The recent uproar over Amy Chua‘s (pictured) upcoming book, The Triple Package, has its origins in the model minority myth that has been popularized by the media, and even by some within the Asian American community, according to Ellen Wu, author of Colors of Success: Asian Americans and the Origins of the Model Minority.
In her blog for the History News Network, Wu is critical of the role she says the Japanese American Citizens League played in propagating the model minority myth.
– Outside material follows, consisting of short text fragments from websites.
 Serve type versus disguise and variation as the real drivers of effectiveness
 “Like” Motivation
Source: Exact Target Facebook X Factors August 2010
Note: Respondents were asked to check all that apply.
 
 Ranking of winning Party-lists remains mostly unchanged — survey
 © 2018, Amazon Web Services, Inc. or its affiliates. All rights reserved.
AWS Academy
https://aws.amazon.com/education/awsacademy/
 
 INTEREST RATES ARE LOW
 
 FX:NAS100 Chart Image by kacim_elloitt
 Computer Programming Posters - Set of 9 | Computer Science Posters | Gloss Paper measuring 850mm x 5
JACL directors shrewdly spun the narrative to speak to the increasingly urgent “Negro Problem.” Nowhere was this most apparent than in journalist Bill Hosokawa’s book Nisei: The Quiet Americans(1969), a general history of Japanese America commissioned by the league as part of JARPO(Japanese American Research Project). Nisei cast Japanese Americans as model minorities, citing famous examples (World Trade Center architect Minoru Yamasaki, Hawai’i Congresswoman Patsy Mink) and asking how such feats of assimilation had been achieved in the face of racial discrimination. “Looking on the extremes of apathy and militancy among Negroes and Hispanos, some Nisei from the comfort of their upper middle class homes have been led to ask: ‘Why can’t they pull themselves up by their own bootstraps the way we did?,’” observed Hosokawa.